TASK TO CARRY OUT »
Line by line, retype the material exactly and leave each picture out.

Start of DATASET EXCERPT

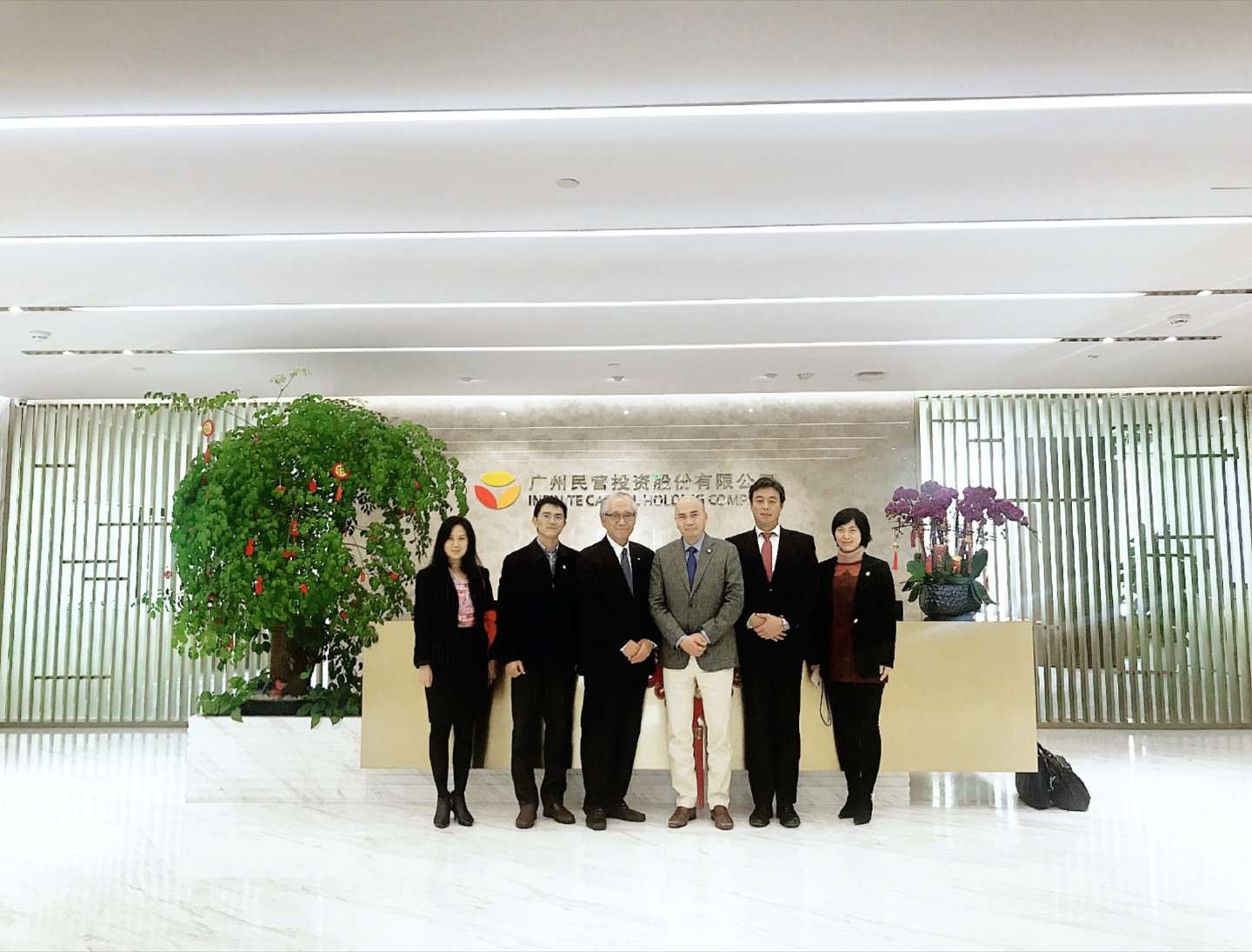 日本三菱商事 住友商事先后到访广民投 知乎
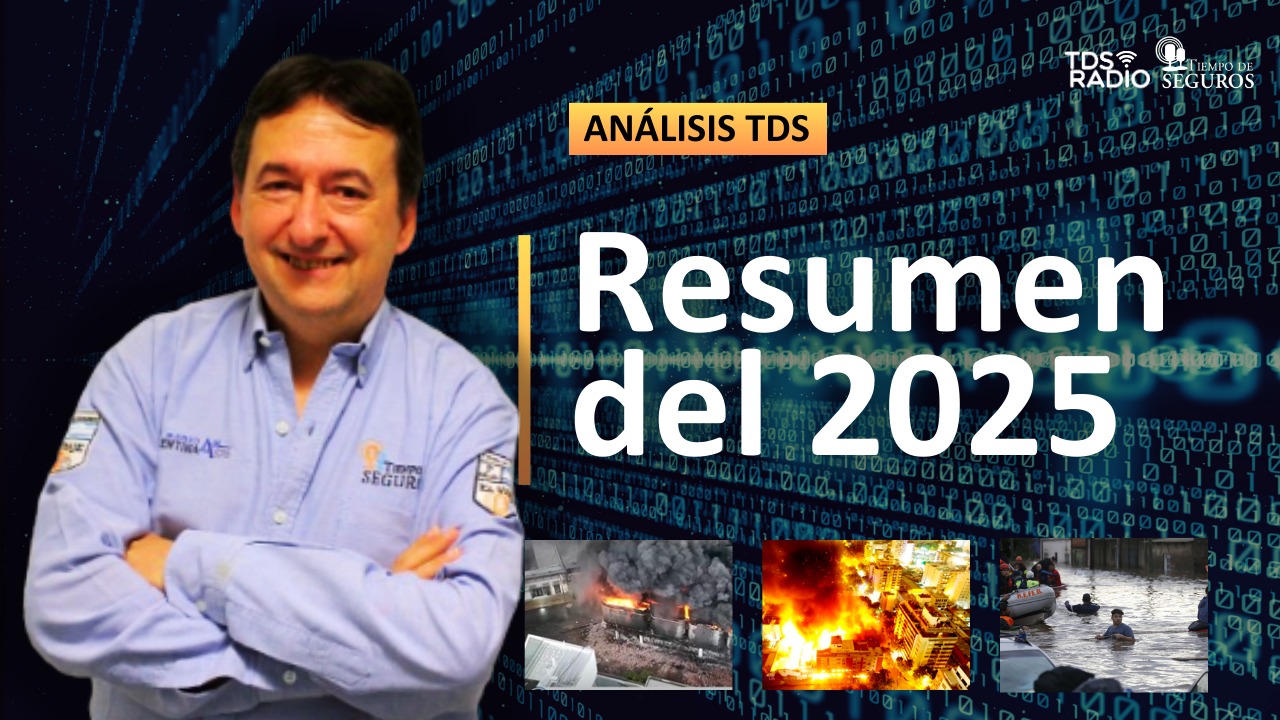 Analizamos los principales hechos del mercado en este año que se va: más cierres de compañías; varias aseguradoras en la cuerda floja y los siniestros que marcaron el año (Bahía Blanca y Ezeiza).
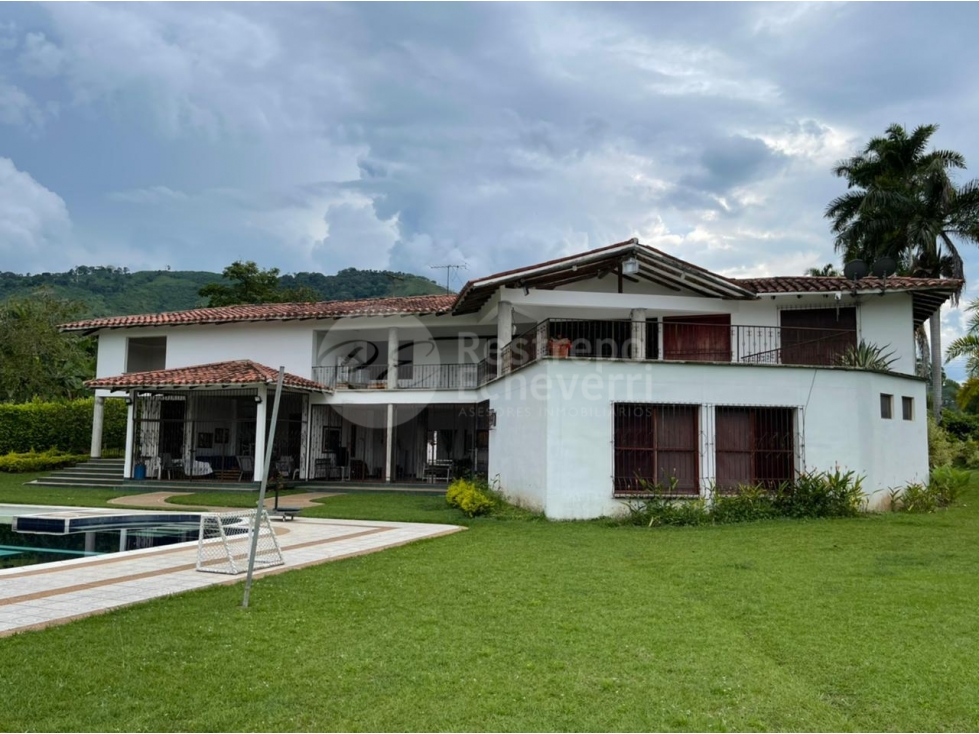 Vendo casa en conjunto Santágueda, Manizales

End of DATASET EXCERPT

SOLVED EXERCISE »
 日本三菱商事 住友商事先后到访广民投 知乎
 Analizamos los principales hechos del mercado en este año que se va: más cierres de compañías; varias aseguradoras en la cuerda floja y los siniestros que marcaron el año (Bahía Blanca y Ezeiza).
 Vendo casa en conjunto Santágueda, Manizales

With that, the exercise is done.